*** Opening of Available data ***

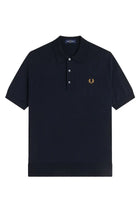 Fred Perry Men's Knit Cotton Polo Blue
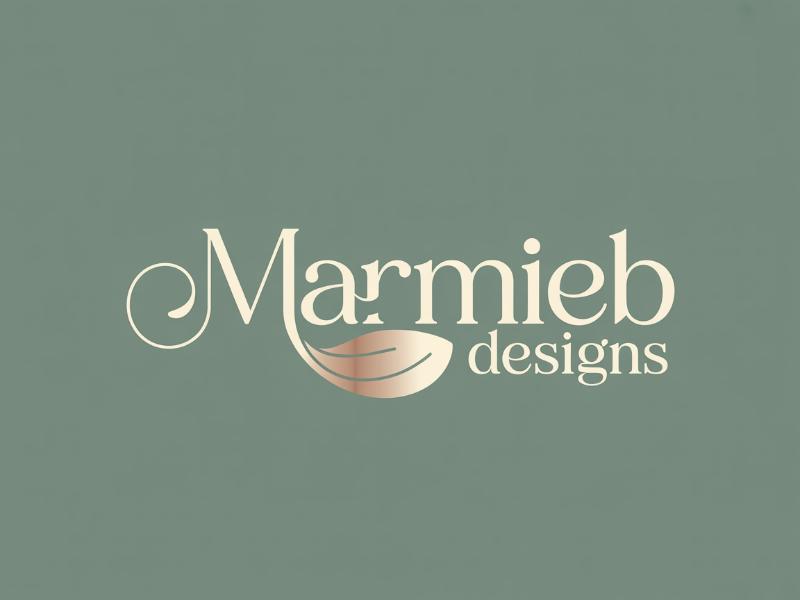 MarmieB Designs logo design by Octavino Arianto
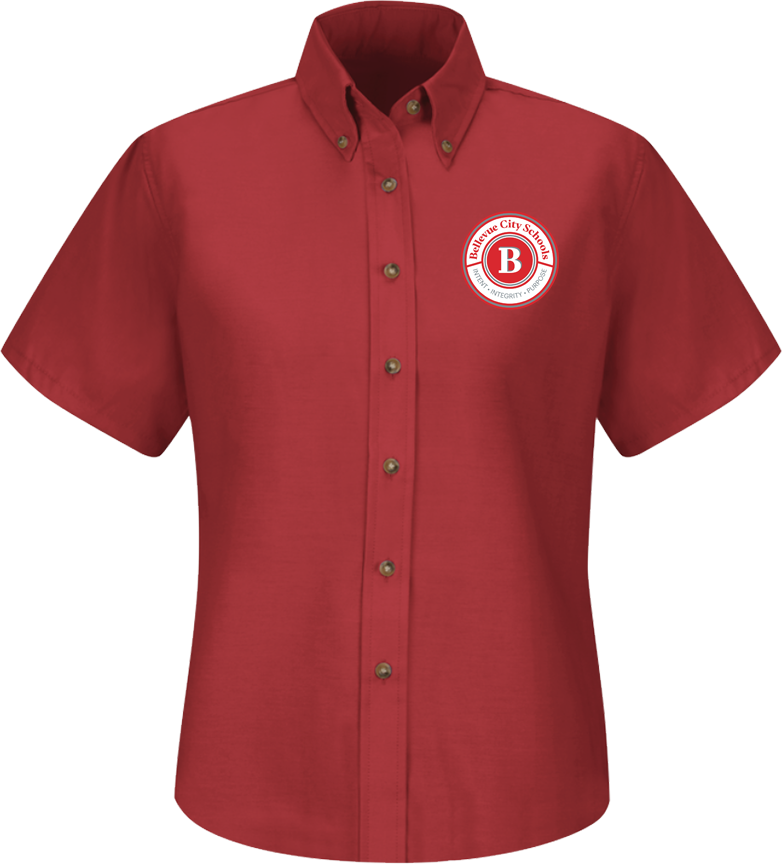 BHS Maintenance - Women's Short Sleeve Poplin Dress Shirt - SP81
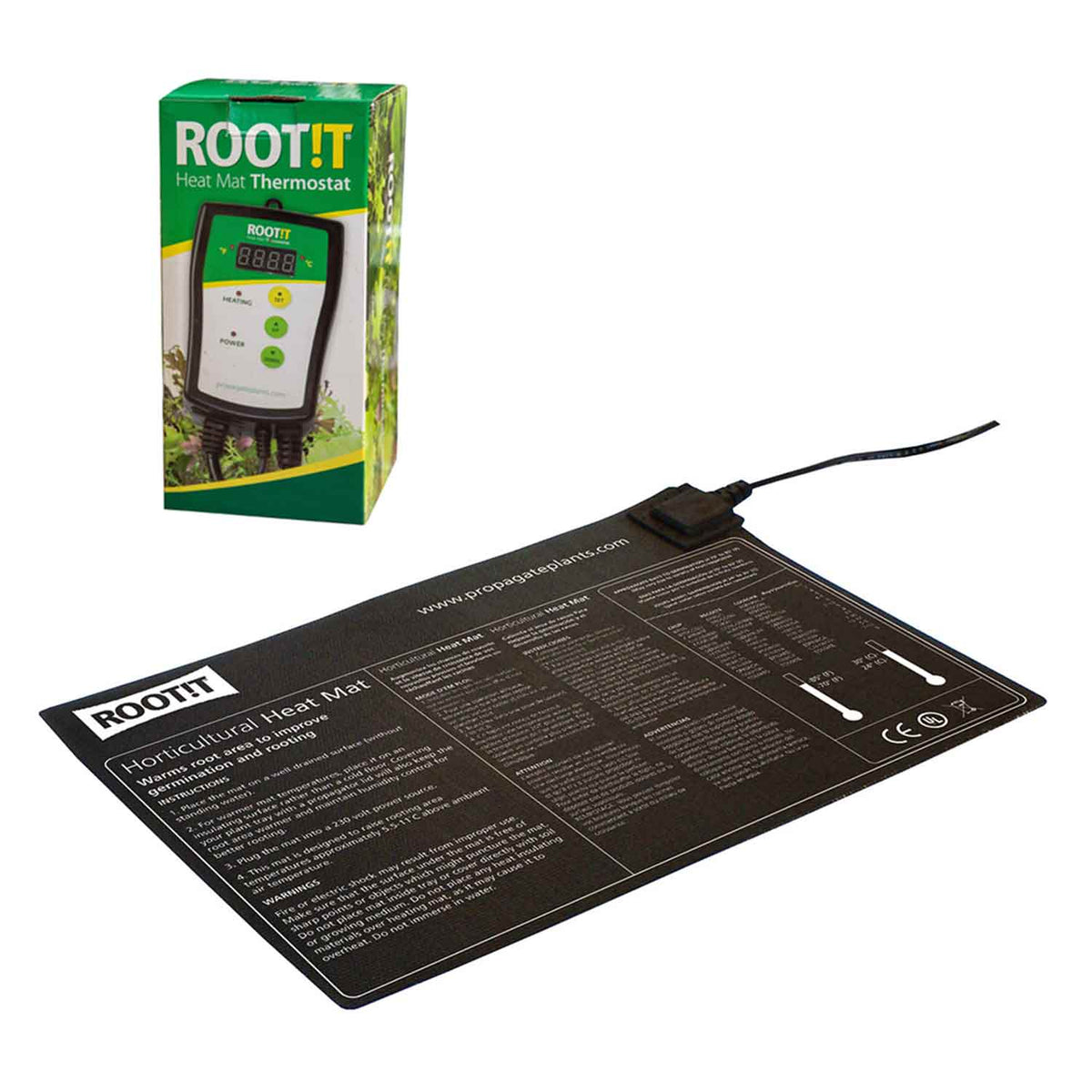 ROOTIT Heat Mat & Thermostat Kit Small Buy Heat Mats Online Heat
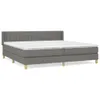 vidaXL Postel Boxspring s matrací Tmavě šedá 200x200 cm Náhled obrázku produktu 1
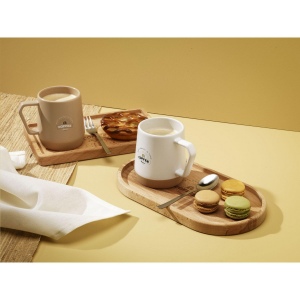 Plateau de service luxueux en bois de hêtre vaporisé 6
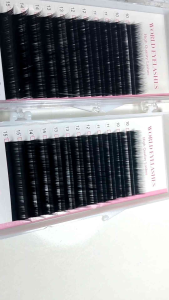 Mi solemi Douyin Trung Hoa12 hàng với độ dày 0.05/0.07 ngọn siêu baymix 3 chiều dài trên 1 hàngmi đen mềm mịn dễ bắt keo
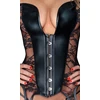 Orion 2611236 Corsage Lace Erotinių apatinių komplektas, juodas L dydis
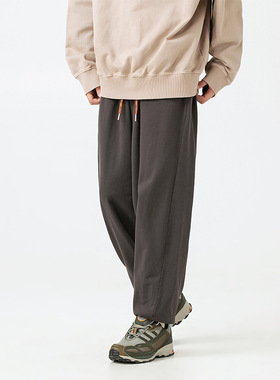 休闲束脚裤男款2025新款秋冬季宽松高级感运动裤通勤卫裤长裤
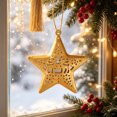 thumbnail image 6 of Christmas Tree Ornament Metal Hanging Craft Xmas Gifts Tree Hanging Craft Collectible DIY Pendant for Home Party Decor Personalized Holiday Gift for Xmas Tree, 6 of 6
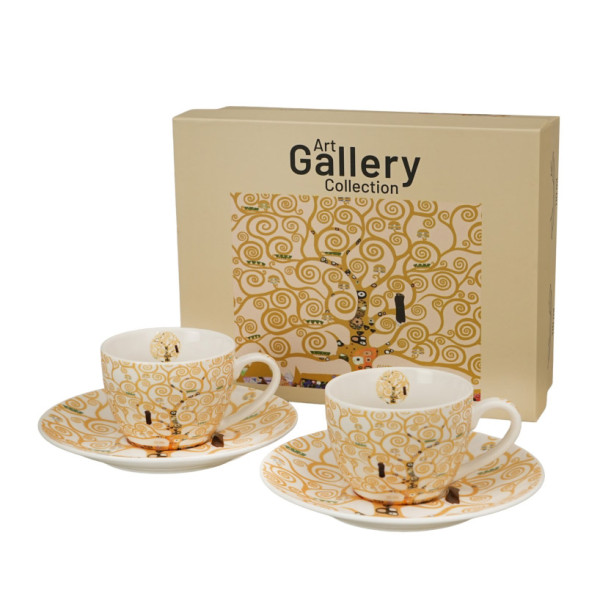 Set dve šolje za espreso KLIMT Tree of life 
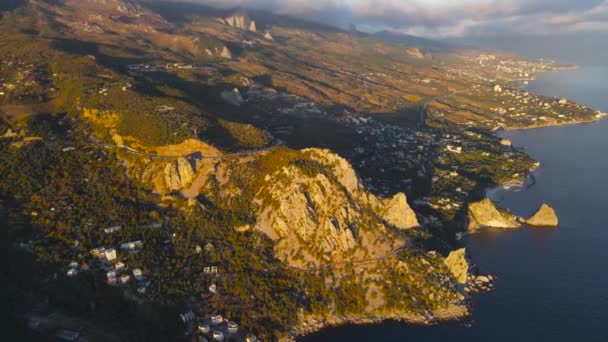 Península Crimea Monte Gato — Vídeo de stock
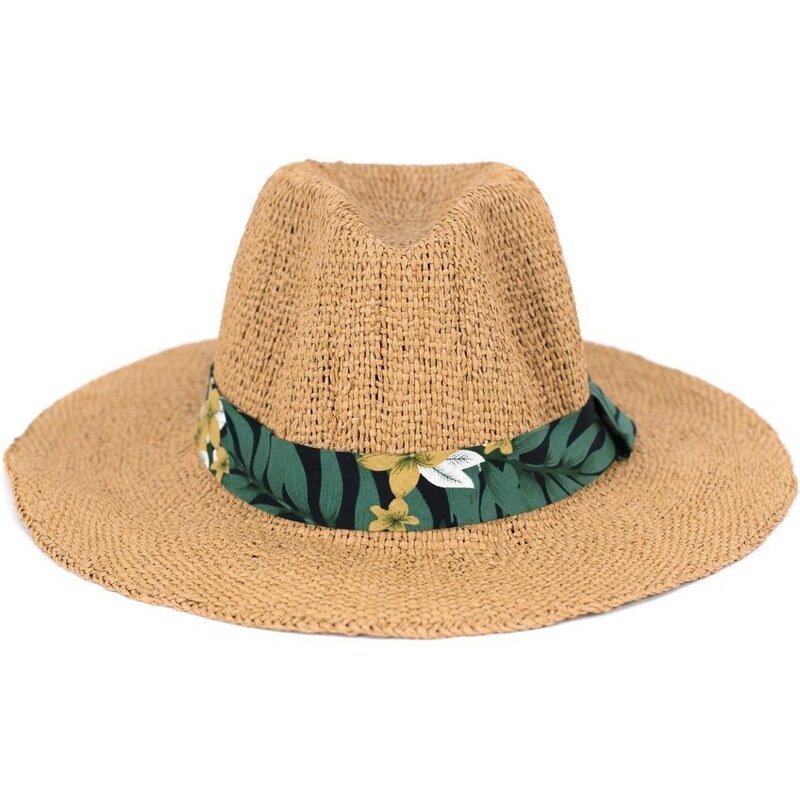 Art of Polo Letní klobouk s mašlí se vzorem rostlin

*** Close of Available data ***

● **What to produce**:
Could you copy, exactly and with no pictures, each line from the first one above to the line holding "休闲束脚裤男款2025新款秋冬季宽松高级感运动裤通勤卫裤长裤"?

● **Problem solution**:
 Fred Perry Men's Knit Cotton Polo Blue
 MarmieB Designs logo design by Octavino Arianto
 BHS Maintenance - Women's Short Sleeve Poplin Dress Shirt - SP81
 ROOTIT Heat Mat & Thermostat Kit Small Buy Heat Mats Online Heat
 vidaXL Postel Boxspring s matrací Tmavě šedá 200x200 cm Náhled obrázku produktu 1
 Plateau de service luxueux en bois de hêtre vaporisé 6
 Mi solemi Douyin Trung Hoa12 hàng với độ dày 0.05/0.07 ngọn siêu baymix 3 chiều dài trên 1 hàngmi đen mềm mịn dễ bắt keo
 Orion 2611236 Corsage Lace Erotinių apatinių komplektas, juodas L dydis
 休闲束脚裤男款2025新款秋冬季宽松高级感运动裤通勤卫裤长裤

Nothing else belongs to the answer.